To do: Copy all the lines of the listing below exactly. Skip the images.

Data section:
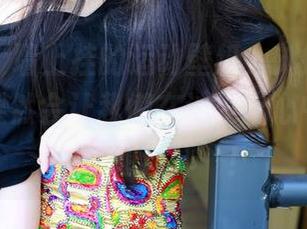 推女神 – 墙上挂的运动壁纸，刘钰儿这些原图，果然会让我懒在沙发上心中默念‘我也想这样’！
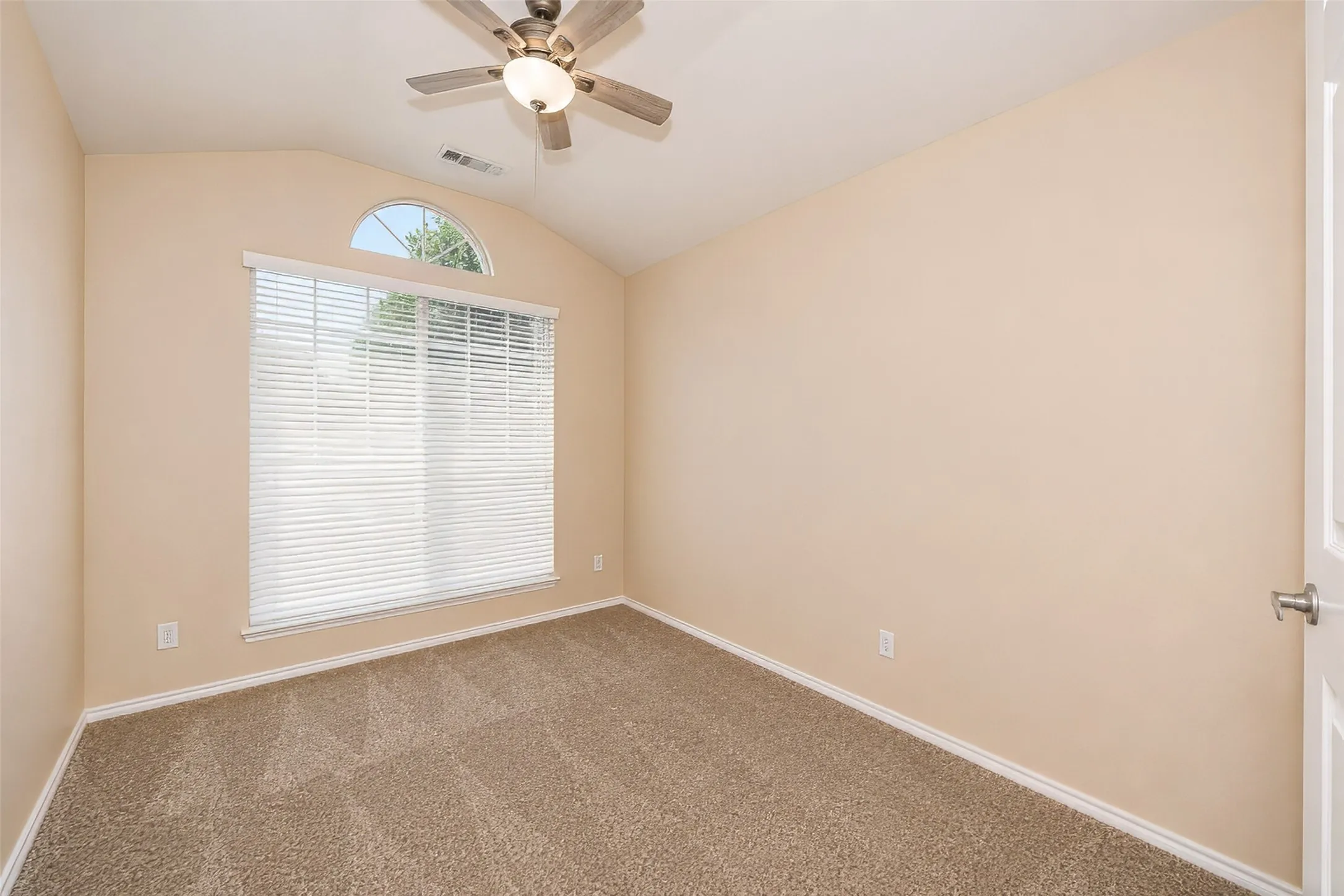 Single Family Residence For Rent in Tarrant County , 12808 Old Macgregor Lane, Fort Worth, Texas 76244, 4 Bedroom, 2 Bathroom, 2 Garage spaces, 1,673 Sqft, built in 2006, mls#21364528, Real Estate Agent in Fort Worth, Homes For Rent in Tarrant county, Homes For Rent in Fort Worth, Realtor in Fort Worth Texas, Real Estate Brokerage Independent Realty Texas, Luminita Cordes Realtor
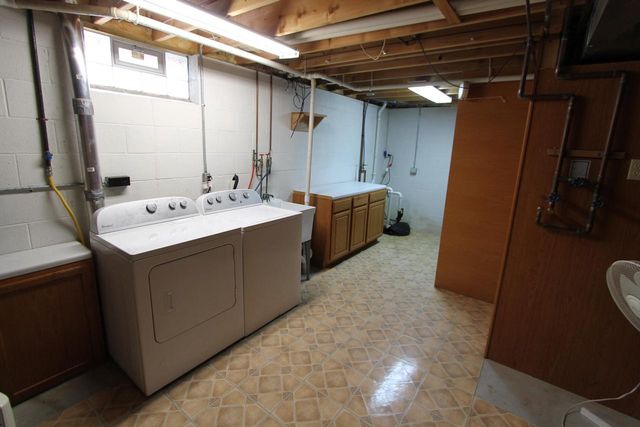 915 Park CIRCLE, Union Grove, WI 53182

Output:
 推女神 – 墙上挂的运动壁纸，刘钰儿这些原图，果然会让我懒在沙发上心中默念‘我也想这样’！
 Single Family Residence For Rent in Tarrant County , 12808 Old Macgregor Lane, Fort Worth, Texas 76244, 4 Bedroom, 2 Bathroom, 2 Garage spaces, 1,673 Sqft, built in 2006, mls#21364528, Real Estate Agent in Fort Worth, Homes For Rent in Tarrant county, Homes For Rent in Fort Worth, Realtor in Fort Worth Texas, Real Estate Brokerage Independent Realty Texas, Luminita Cordes Realtor
 915 Park CIRCLE, Union Grove, WI 53182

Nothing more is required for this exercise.